Housing construction in new residential districts is far ahead of social and cultural infrastructure development. As a result, many people are living in urban neighbourhoods without museums, theatres, restaurants or parks and with few schools and healthcare centres. This means residents have to travel to the city centre to access such facilities, which has negative implications for their everyday routines, social engagement and overall satisfaction with their living environment.
Russian small towns risk being depleted of young people, as 75% of school leavers are planning to migrate to Russia’s regional centres, particularly Moscow and St. Petersburg in search of a better life. Big cities offer better educational and career opportunities, and just 4% of school leavers intend to stay in their hometown.
Contrary to popular myth, Muscovites are not eager to move from suburban districts to the city centre. In fact, most people living in areas between the Moscow Ring Road and the Third Ring are quite attached to their residential neighbourhoods and tend to perceive the city's historic centre as a location for recreation and entertainment rather than work and everyday life.
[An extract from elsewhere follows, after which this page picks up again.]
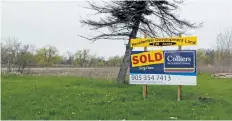  ?? DAVE JOHNSON/WELLAND TRIBUNE ?? A sold sign is seen on the former Welland High School property on Denistoun Street.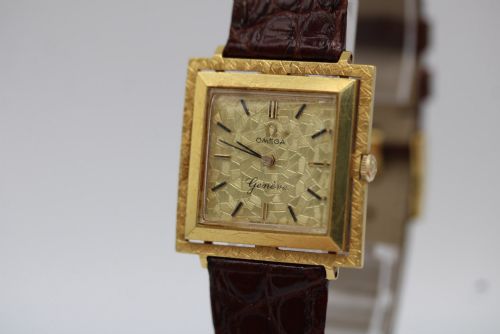 fig 4. A 1960s Omega Geneve manual wind wristwatch featuring an 18ct yellow gold cushion-shaped case, a dark brown dial with gold Roman numerals at twelve and six, and a brown leather strap.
In their own neighbourhoods, residents appreciate the well-developed infrastructure, including the availability of schools, healthcare facilities and kindergartens, and convenient transportation, Muscovites are also attracted by a relatively less expensive life away from the city centre, including the proximity of farmers' markets offering food at affordable prices.
The prospects of better employment and higher living standards are key, but they are not the only factors which attract young people. In making the decision to move to another city, university graduates usually consider at least three other factors: the city's cultural atmosphere, presence of friends and acquaintances, and overall comfort, including security and tolerance.
In contrast to some other capitals, such as Paris, downtown Moscow is relatively depopulated while the suburbs are overcrowded.Reducing this imbalance could make the Russian capital more comfortable for living. According to experts, Moscow needs to attract more residents to its centre, improve the infrastructure in residential districts, add nice-looking low-rise neighbourhoods to its monotonous high-rise suburbs, and develop creative clusters with a high concentration of workplaces in former industrial areas to diversify the traffic flow.